5 thoughts on “Can Baptists Be Arminian?

  1. Maybe the questions should be, What are the minimum number of beliefs one should have to legitimately be called a Baptist? … or better yet, where in the Scripture are we encouraged to use labels for congregations, to publicly display to the world that there are differences in Christianity that require such a traditional man-made naming!

    I believe believer’s baptism (anti-paedobaptism”) is an essential for pastoral qualification, being a sound doctrine that elders must hold fast too (Titus 1:9). It think it is better to trace Christian History using believer’s baptism as one of the essentials for following the paths of the men that Jesus called and qualified for building His church throughout each century, before any group thought it would be helpful to call themselves “Baptist” beginning in 17th century England.


  2. “Traditionalism” still means anti-Calvinism, and one could say that up to the point “Arminianism!” I was a Southern Baptist pastor and a very “gong-ho” for the SBC. But once I learned that SBC had it’s beginnings as mostly Calvinistic, I wonder what had happened that most Southern Baptists are ignorant of their beginnings. Nevertheless, as I started preaching the Doctrines of Grace as a SBC pastor, I began to get ‘flak’ because of what I was preaching, so I decided just to preach the truth as it is in Jesus; and let things fall where they fell, as God willed. Sadly, my experience as a SBC pastor, I found that the average SBC church-member are ignorant (and the word doesn’t mean “stupid,” it simply means “not knowing), of what they are supposed to believe as Southern Baptists doctrinally.
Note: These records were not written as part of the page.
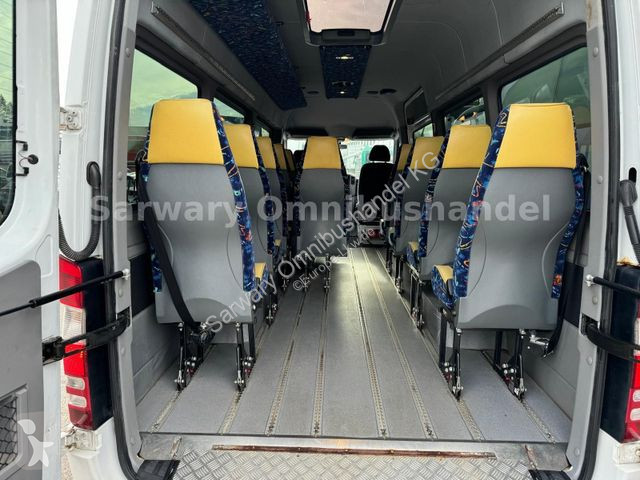Buss Mercedes 516 CDI *Euro 5* Klima*17...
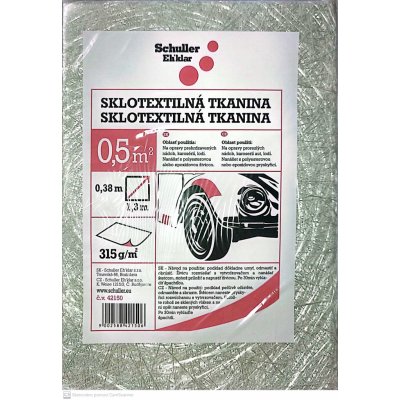 Kavan Skelná tkanina 160g/m2 2m – Hledejceny.cz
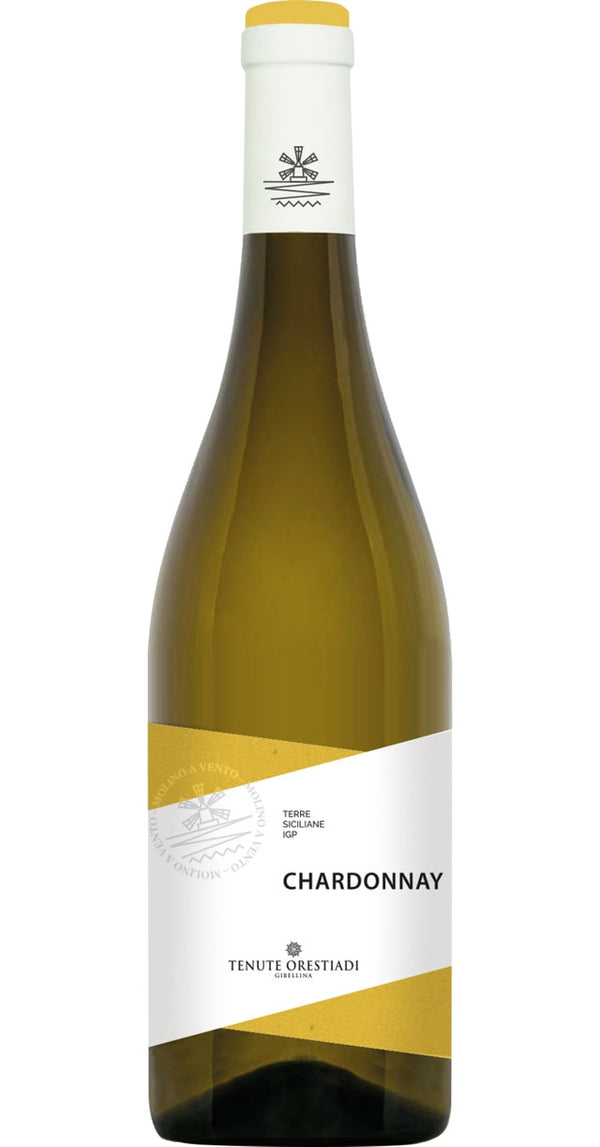 Tenute Orestiadi, Molino a Vento Chardonnay, 2023 (Case)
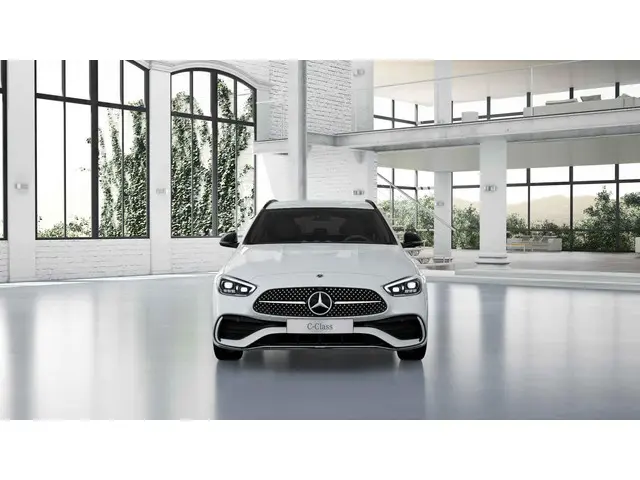 Mercedes-Benz C-Klasse Estate 200 AMG Line 2025 Benzine 8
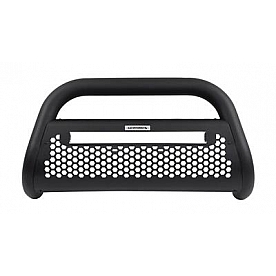 Go Rhino Bull Bar Tube 3 Inch Black Textured Powder Coated Steel - 55663T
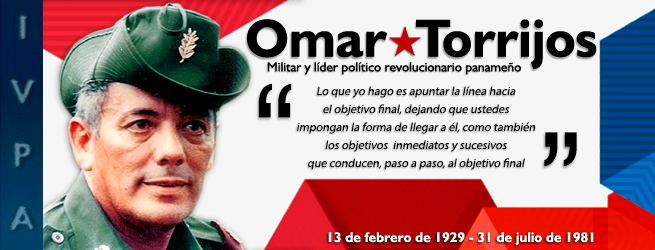 Omar Torrijos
They can go to church for years and still not know the basic doctrines of “the gospel of the grace of God;” and not simply that they believe something of ‘justification, regeneration, grace, faith, repentance, etc., etc.; but that they have some understanding of these great truths, and can defend themselves against heretics and to stand up against error. I’m afraid that the very great majority of Southern Baptists are as Paul says in Hebrews 5:11-14: “Of whom we have many things to say, and hard to be uttered, seeing you are dull of hearing. For when for the time you ought to be teachers, you have need that one teach you again which be the first principles of the oracles of God; and are become such as have need of milk, and not of strong meat. For every one that uses milk is unskillful in the word of righteousness: for he is a baby. But strong meat belongs to them that are of full age, even those who by reason of use have their senses exercised to discern
    both good and evil.” Whose fault is it? One has to be faulted. Personally, I believe that the pastors are to blame; for I can say that throughout the years, the great doctrinal preaching and teaching that the people of God need from the pulpit is much lacking; and it has seriously effected the ones on pews. May God have mercy on us that responsible to feed the flock of Jesus Christ with the words of faith and good doctrine. “Take heed to yourself, and to the doctrine; continue in them: for in doing this you shall both save yourself, and them that hear you” (1 Timothy 4:16). Amen.

    Liked by 1 person

    1. As an “average ignorant SBC church-member” I have been taught by many great traditional Baptist preachers and teachers. Under their instruction I have learned to recognize the errors taught by Calvinists. I have learned to believe what the Bible says, not some mans interpretation. One of the “first principles” that it teaches is that God loves all men, that men are created in God’s image. God desires all men to be saved and none to perish. He loves all men so much that He died for the sins of all men
      Unfortunately the churches have been infiltrated by those teaching doctrine contrary to these first principles. They teach of a God with a lesser love and a man with a lesser image.
      I am thankful that God has shown many former Calvinists the errors of this system. I am thankful for the courage these men are showing by renouncing the pablum of Calvinism and feeding their flock the true meat of the Gospel.


    2. I could not have been more blessed that I was. I sat under Dr. Adrian Rogers’ preaching for 30 years. He fought the fight, I believe, against the Calvinist influence in the SBC as President thereof. But that was years ago. Currently, I am in a city in Texas where SBC means “Calvinism.”